Re: UTF8 national character data type support WIP patch and list of open issues.

From: Tatsuo Ishii <ishii(at)postgresql(dot)org>
To: robertmhaas(at)gmail(dot)com
Cc: ishii(at)postgresql(dot)org, maumau307(at)gmail(dot)com, tgl(at)sss(dot)pgh(dot)pa(dot)us, maksymb(at)fast(dot)au(dot)fujitsu(dot)com, hlinnakangas(at)vmware(dot)com, pgsql-hackers(at)postgresql(dot)org
Subject: Re: UTF8 national character data type support WIP patch and list of open issues.
Date: 2013-09-21 22:29:52
Message-ID: 20130922.072952.1977066018971837040.t-ishii@sraoss.co.jp
Views: Raw Message | Whole Thread | Download mbox | Resend email
Thread:
Lists: pgsql-hackers

> I think the point here is that, at least as I understand it, encoding
> conversion and sanitization happens at a very early stage right now,
> when we first receive the input from the client. If the user sends a
> string of bytes as part of a query or bind placeholder that's not
> valid in the database encoding, it's going to error out before any
> type-specific code has an opportunity to get control. Look at
> textin(), for example. There's no encoding check there. That means
> it's already been done at that point. To make this work, someone's
> going to have to figure out what to do about *that*. Until we have a
> sketch of what the design for that looks like, I don't see how we can
> credibly entertain more specific proposals.
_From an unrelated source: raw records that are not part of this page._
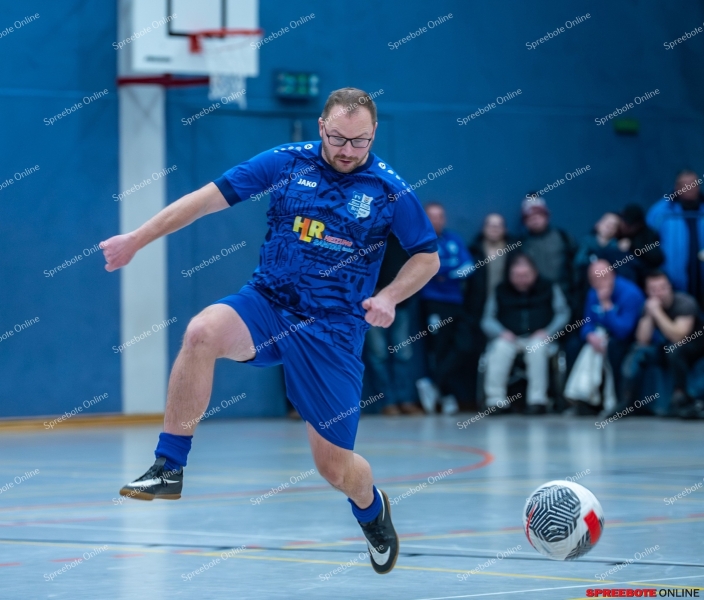 Spreebote-Briesen-HLR-Cup-013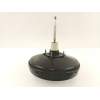 Recambio de servofreno para seat leon (1m1) 1.8 20v referencia OEM IAM 1J1614105J  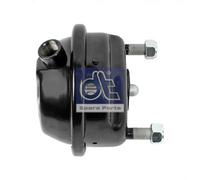 Cilindro de freno de membrana DT Spare Parts 3.74043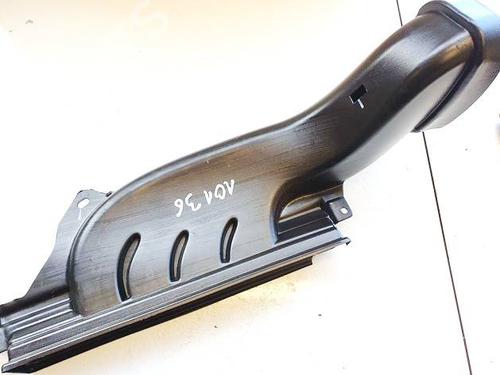 Used Pipe Pipe TESLA MODEL Y (5YJY) Long Range All-wheel Drive (514 hp) 35080978 35080978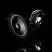 Gladen ONE 100 MB-R-SQ
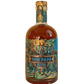 Don Papa single island Alon Boisson Spiritueuse à base de rhum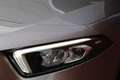 Mercedes-Benz A 180 A d AMG pakket | Panorama dak | Burmester | Widesc Gris - thumbnail 48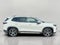 2026 Volkswagen Tiguan SE 4MOTION
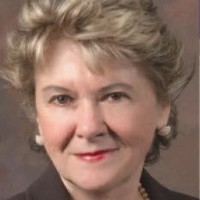 Carol Avard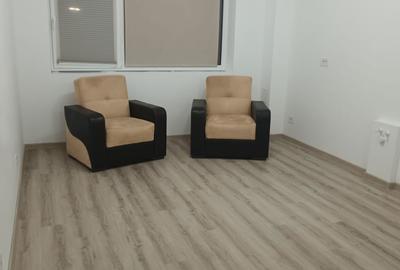 Apartament cu 2 camere semidecomandat în Exterior Vest - 2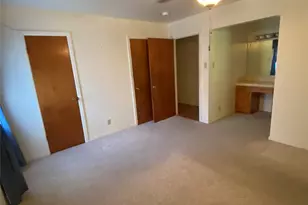 3271 Hubbard St, Paris, TX 75460 - Photo 9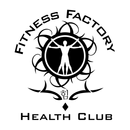 Fitness Factory Health Club APK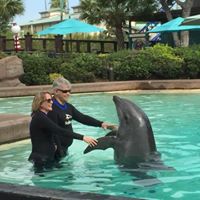 Nancy Boone Photo 22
I don't think the bind placeholder is the case. That is processed by
exec_bind_message() in postgres.c. It has enough info about the type
of the placeholder, and I think we can easily deal with NCHAR. Same
thing can be said to COPY case.

Problem is an ordinary query (simple protocol "Q" message) as you
pointed out. Encoding conversion happens at a very early stage (note
that fast-path case has the same issue). If a query message contains,
say, SHIFT-JIS and EUC-JP, then we are going into trouble because the
encoding conversion routine (pg_client_to_server) regards that the
message from client contains only one encoding. However my question
is, does it really happen? Because there's any text editor which can
create SHIFT-JIS and EUC-JP mixed text. So my guess is, when user want
to use NCHAR as SHIFT-JIS text, the rest of query consist of either
SHIFT-JIS or plain ASCII. If so, what the user need to do is, set the
client encoding to SJIFT-JIS and everything should be fine.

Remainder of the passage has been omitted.